### TASK DIRECTIONS:
Would you copy only the lines below, from the one containing "Interface d'AI Knowledge" through the very last one, leaving the pictures out?

### INPUT FOR THIS TASK:
• • • • • • •

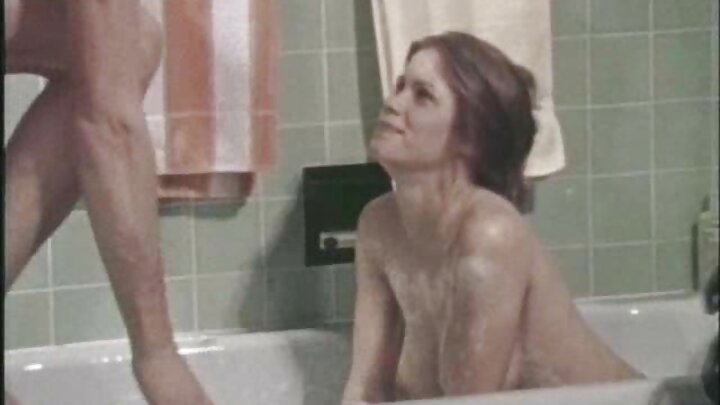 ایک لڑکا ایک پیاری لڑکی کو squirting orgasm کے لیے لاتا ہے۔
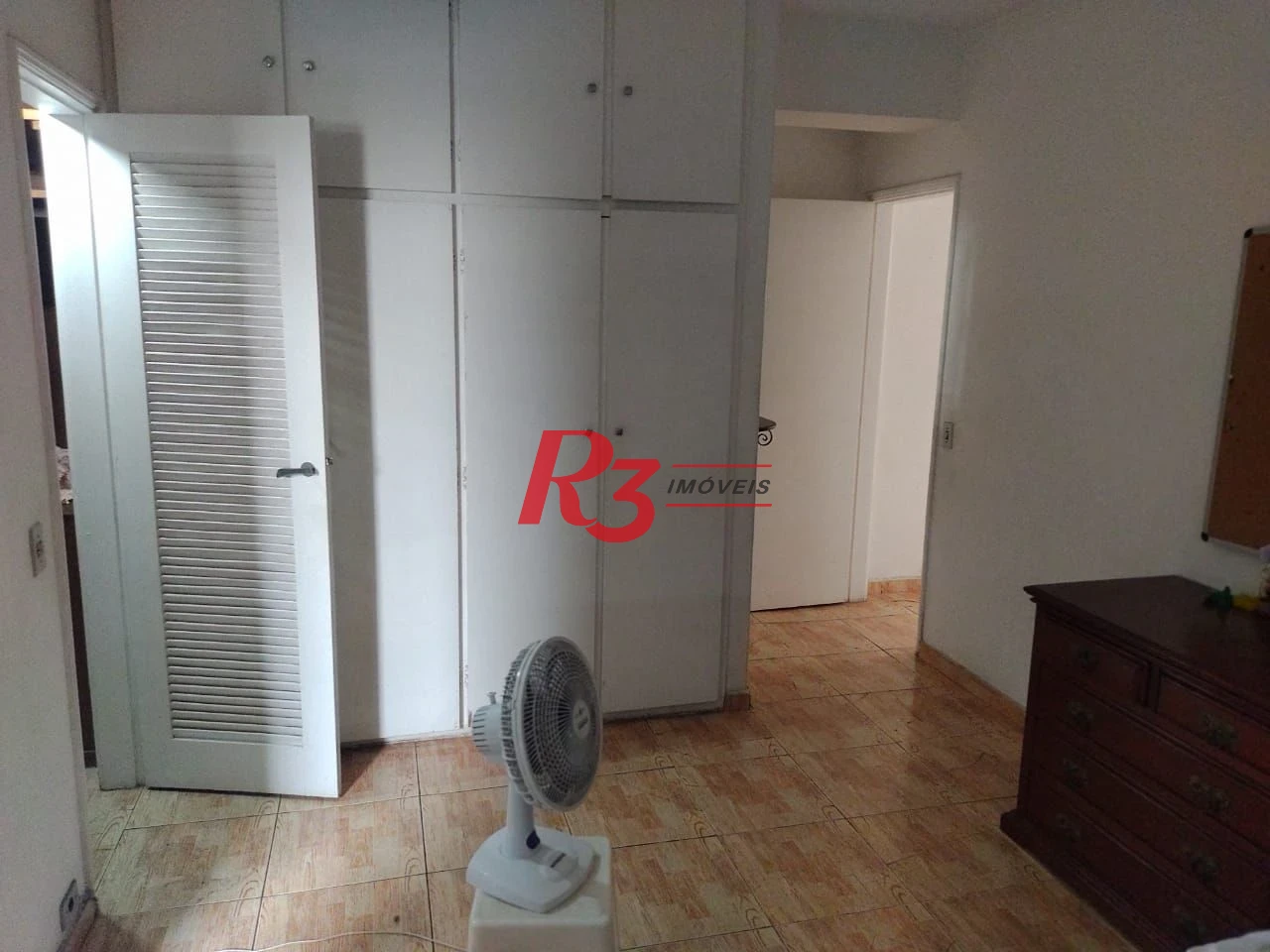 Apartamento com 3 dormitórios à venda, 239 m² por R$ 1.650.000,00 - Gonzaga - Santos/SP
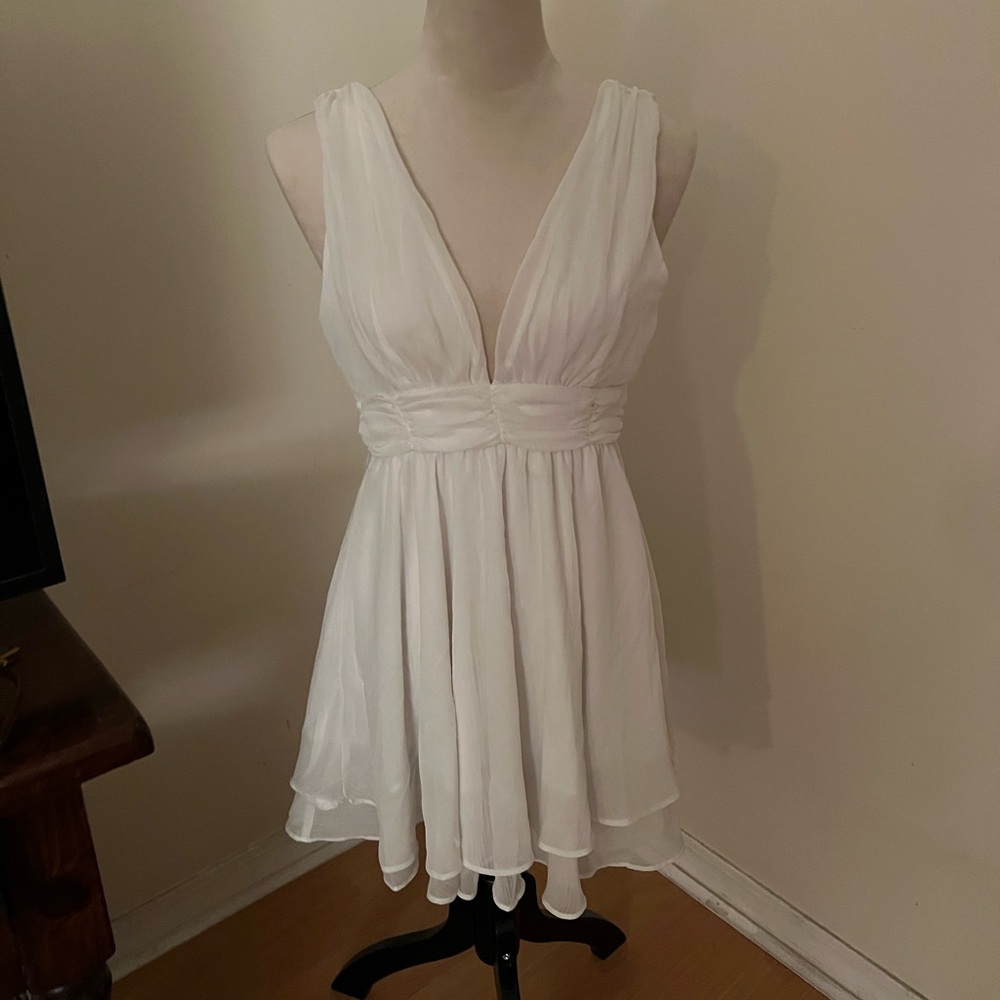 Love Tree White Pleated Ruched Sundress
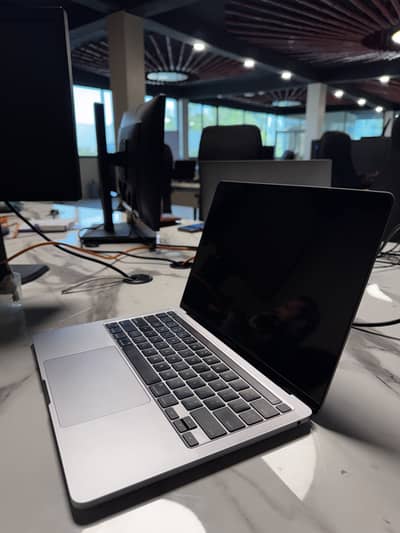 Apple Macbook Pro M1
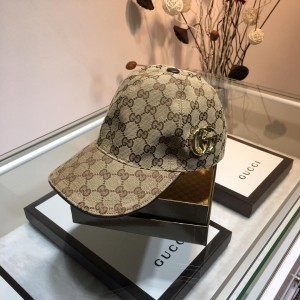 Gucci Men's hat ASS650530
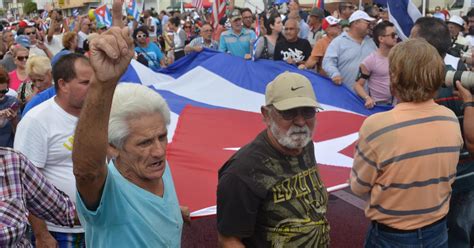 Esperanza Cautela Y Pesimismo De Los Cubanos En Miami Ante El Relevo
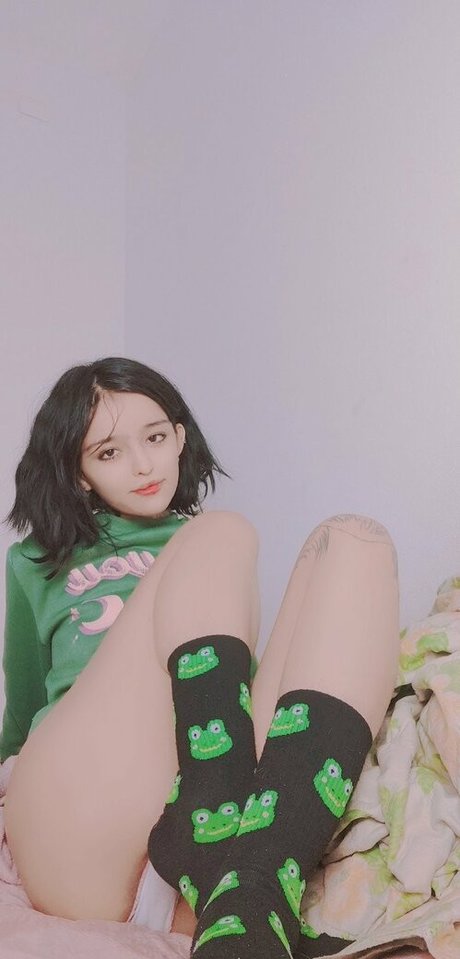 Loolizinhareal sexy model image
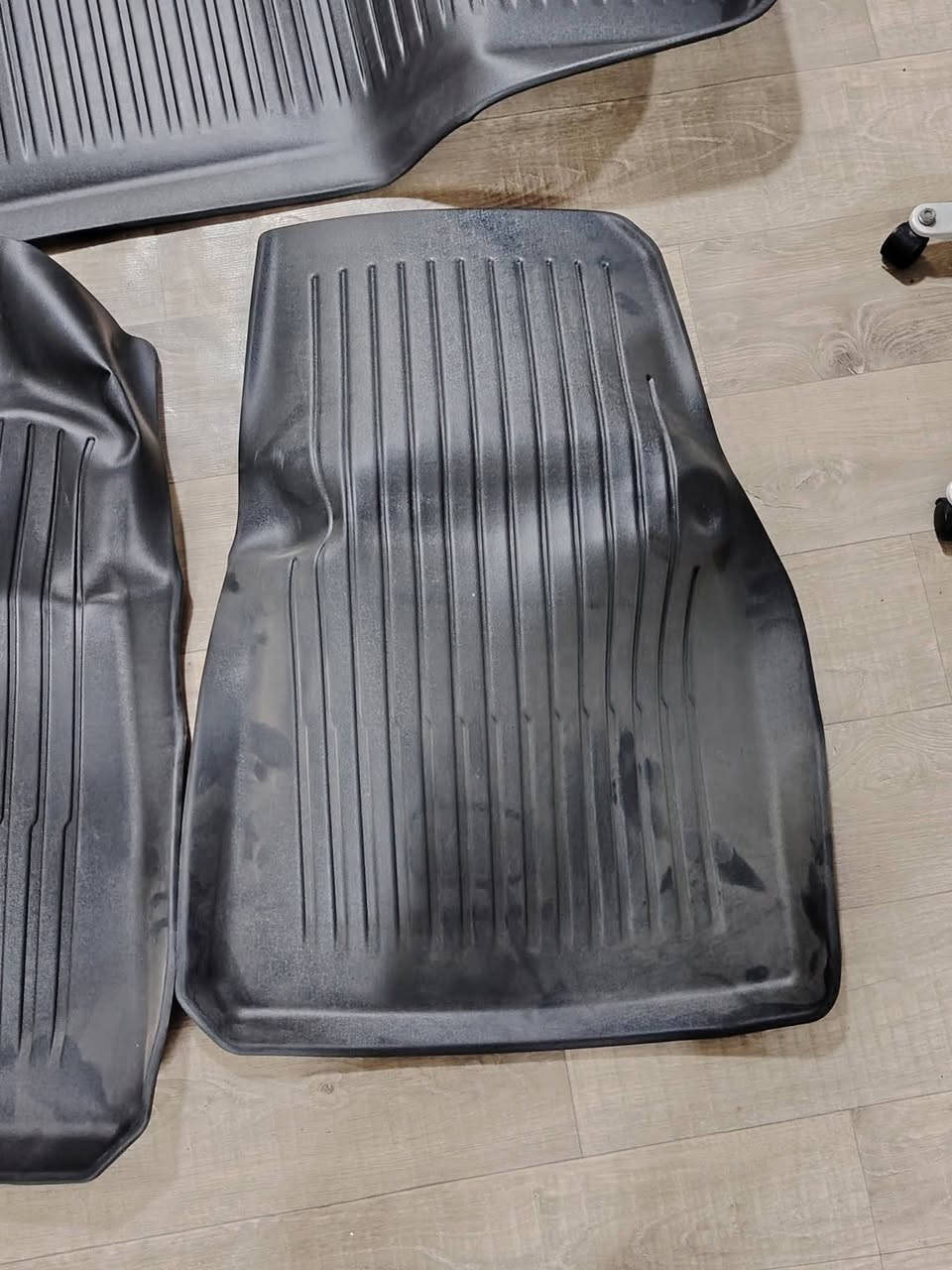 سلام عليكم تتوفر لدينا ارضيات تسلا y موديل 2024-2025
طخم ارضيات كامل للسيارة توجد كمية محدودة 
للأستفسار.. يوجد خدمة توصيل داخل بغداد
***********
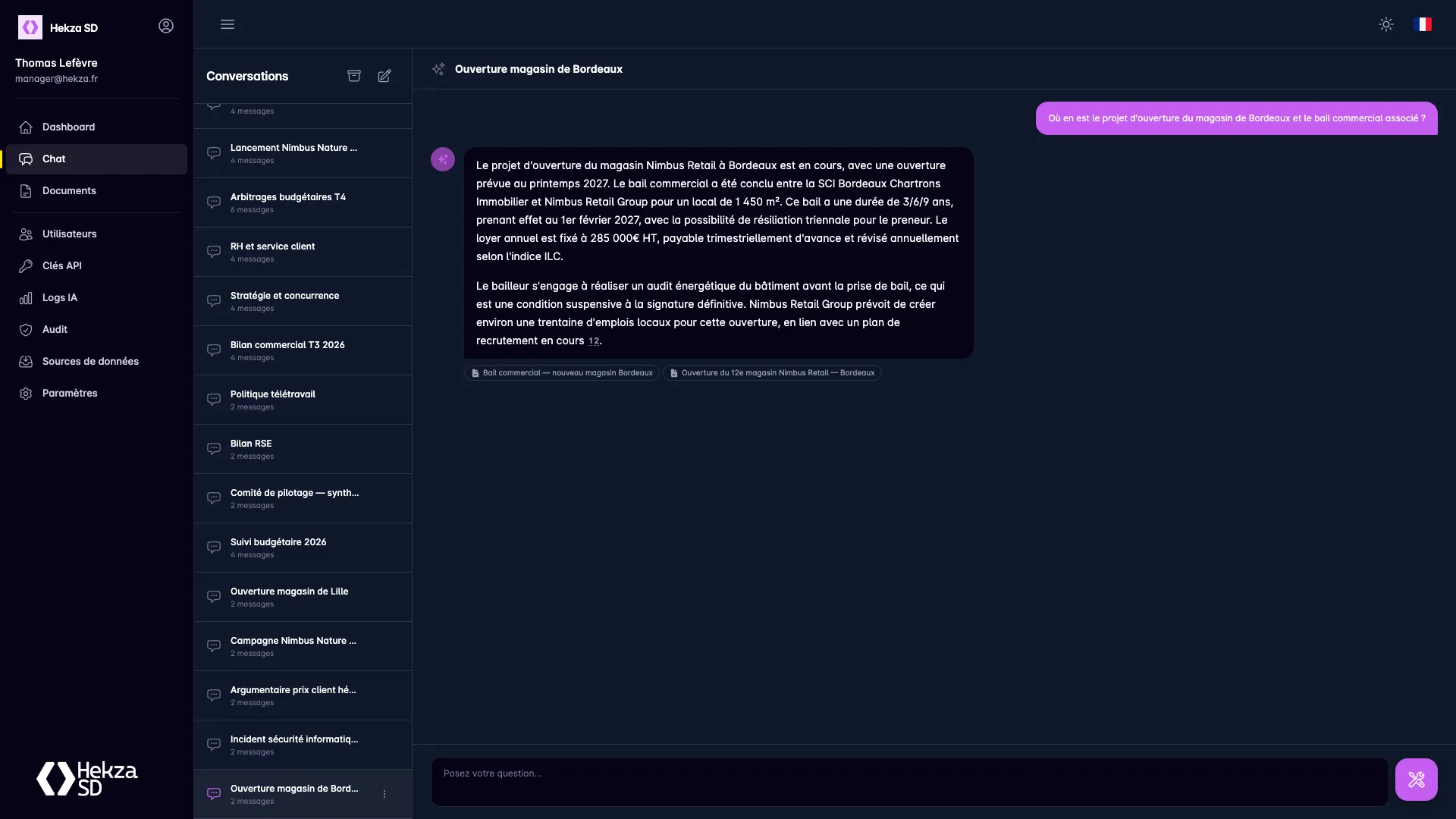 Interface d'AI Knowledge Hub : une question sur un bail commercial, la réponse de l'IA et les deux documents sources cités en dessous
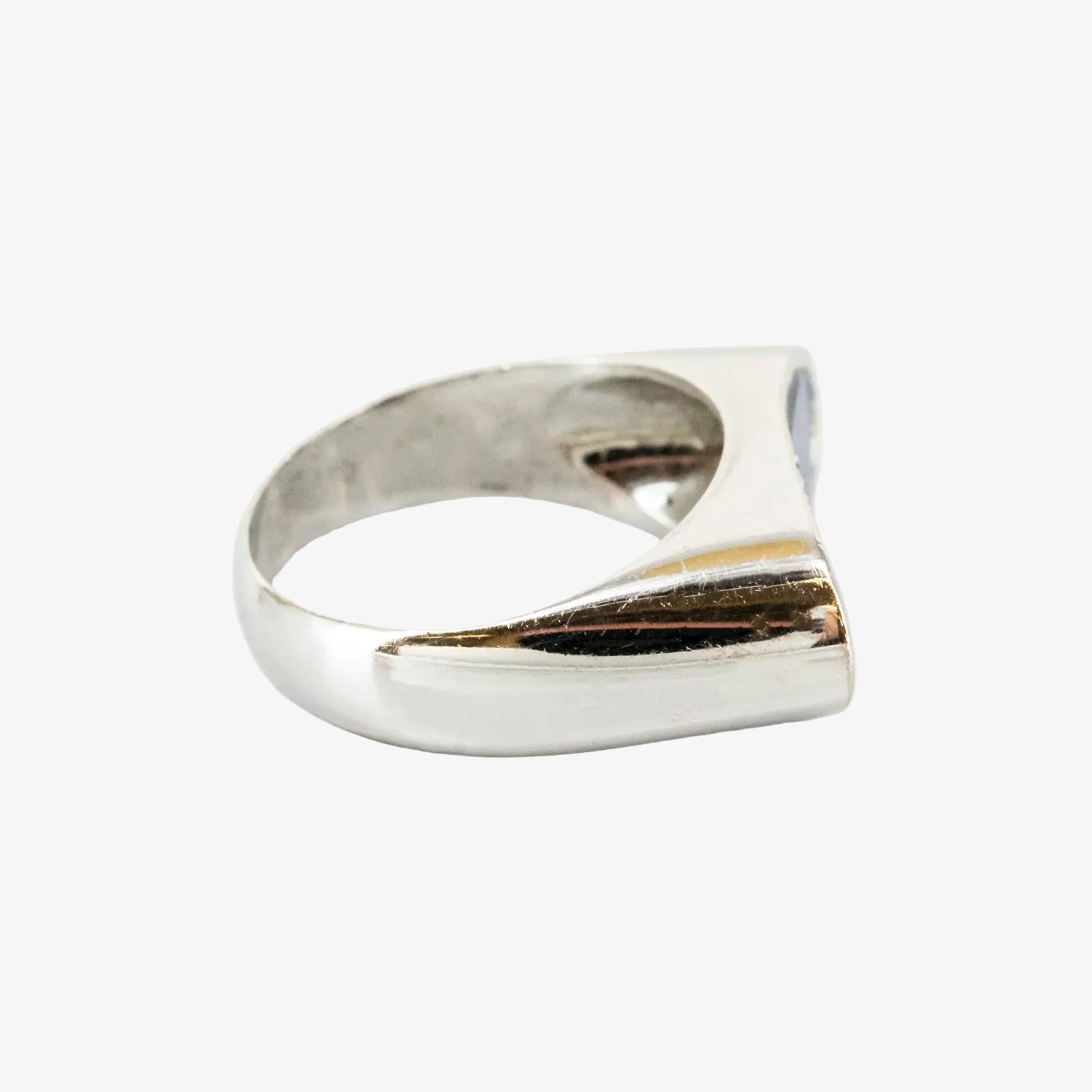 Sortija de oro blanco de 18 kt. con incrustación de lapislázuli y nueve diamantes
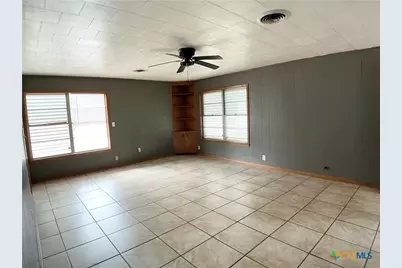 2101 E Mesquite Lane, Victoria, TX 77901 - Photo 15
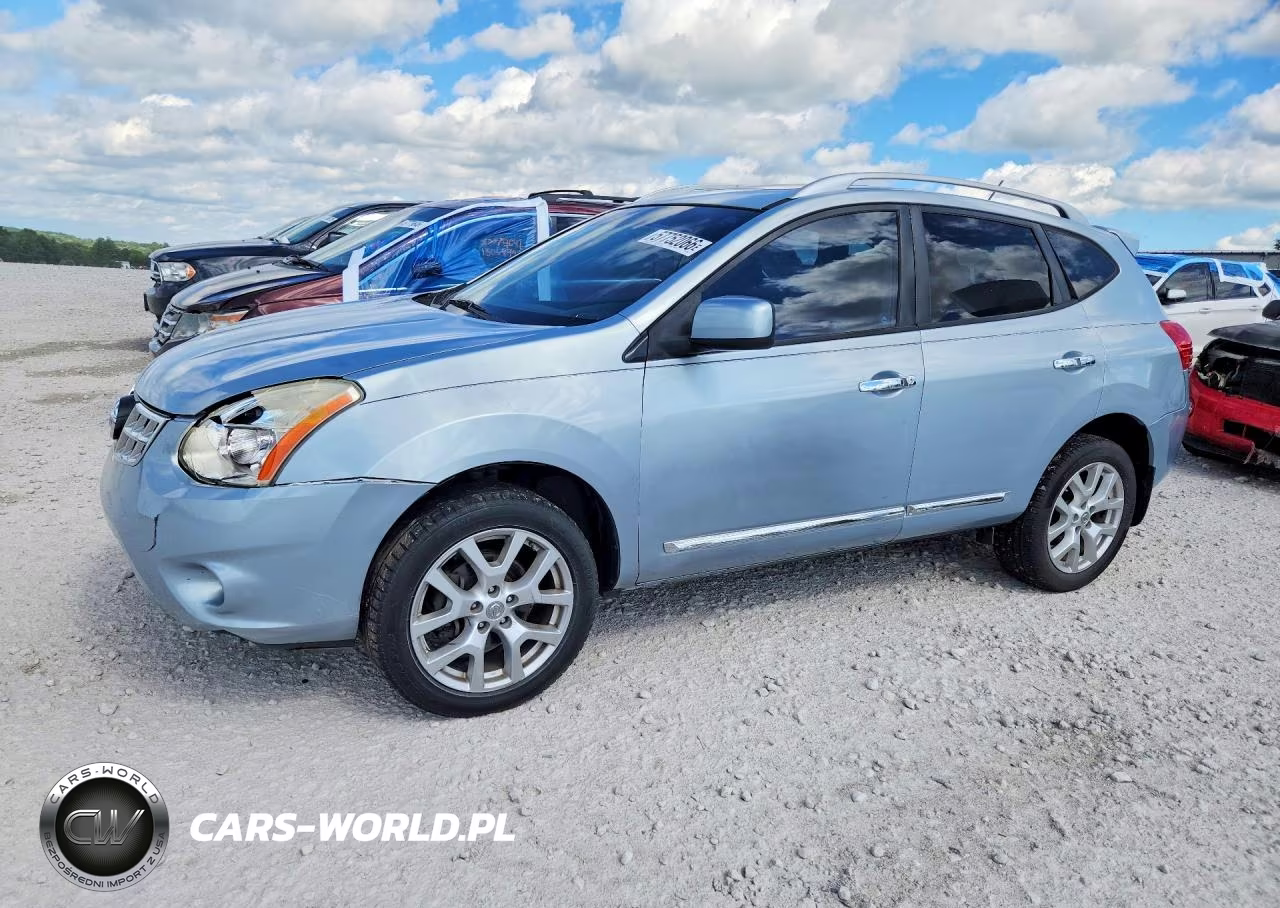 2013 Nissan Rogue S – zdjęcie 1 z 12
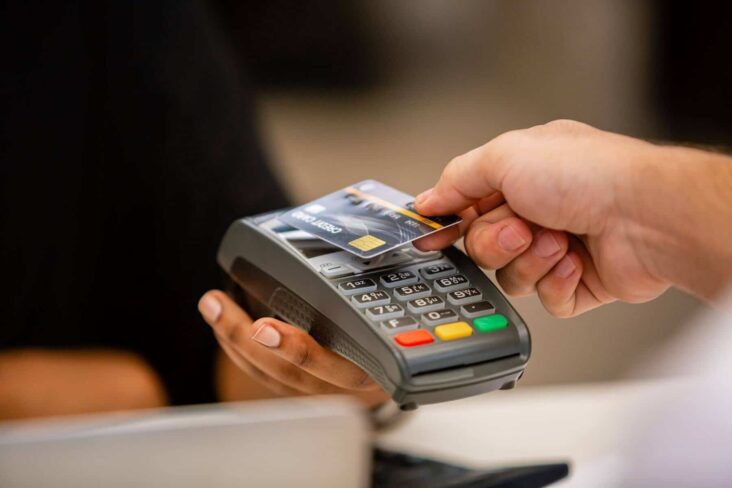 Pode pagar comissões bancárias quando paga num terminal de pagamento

• • • • • • •

### WRITTEN SOLUTION:
 Interface d'AI Knowledge Hub : une question sur un bail commercial, la réponse de l'IA et les deux documents sources cités en dessous
 Sortija de oro blanco de 18 kt. con incrustación de lapislázuli y nueve diamantes
 2101 E Mesquite Lane, Victoria, TX 77901 - Photo 15
 2013 Nissan Rogue S – zdjęcie 1 z 12
 Pode pagar comissões bancárias quando paga num terminal de pagamento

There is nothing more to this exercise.